On March 21, Congress approved a six-month funding measure, averting the chance of a federal government shutdown next week. By a vote of 318 to 109, the House of Representatives passed the Consolidated and Further Continuing Appropriations Act of 2013, H.R. 933, which finalizes spending through the end of Fiscal Year (FY) 2013. The Senate passed the bill on March 20 by a vote of 73-26. It now goes to President Obama, who is expected to sign the measure. [Update: President Obama signed the bill into law on March 26.]

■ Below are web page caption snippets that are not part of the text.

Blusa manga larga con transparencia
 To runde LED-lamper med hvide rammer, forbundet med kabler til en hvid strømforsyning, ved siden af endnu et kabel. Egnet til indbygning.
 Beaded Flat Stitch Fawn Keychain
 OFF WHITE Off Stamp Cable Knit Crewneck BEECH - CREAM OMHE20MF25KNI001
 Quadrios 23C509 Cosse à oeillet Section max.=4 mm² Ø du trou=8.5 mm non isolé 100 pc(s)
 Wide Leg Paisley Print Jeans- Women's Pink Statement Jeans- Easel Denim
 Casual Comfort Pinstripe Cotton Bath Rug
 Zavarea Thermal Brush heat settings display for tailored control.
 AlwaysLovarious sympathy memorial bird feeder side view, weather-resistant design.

This action assures that the government will stay open when the current six-month Continuing Resolution (CR) that funds the government at the FY2012 level expires on March 27.

Although H.R. 933 includes a $71 million increase for the National Institutes of Health (NIH), it would still be subject to the 5.1 percent sequester cut, resulting in an NIH cut of $1.6 billion to its FY2012 funding level of $30.7 billion netting $29 billion. The National Eye Institute (NEI) cut of $36 million to its funding level of $703 million nets $667 million. For NEI, this could potentially result in about 90 new grants not getting funded, any one of which could hold the promise for saving or restoring vision. [The NIH issued initial sequester guidance on February 21, followed by additional guidance on March 4.]

For the Department of Defense’s (DOD) Vision Trauma Research Program (VTRP), the news is better. Since H.R. 933 contains the FY2013 Defense bill language passed in July 2012 that increased VTRP funding from $5 million to $10 million, the program would receive that amount, minus the 8 percent sequestration cut to defense programs, netting $9.2 million.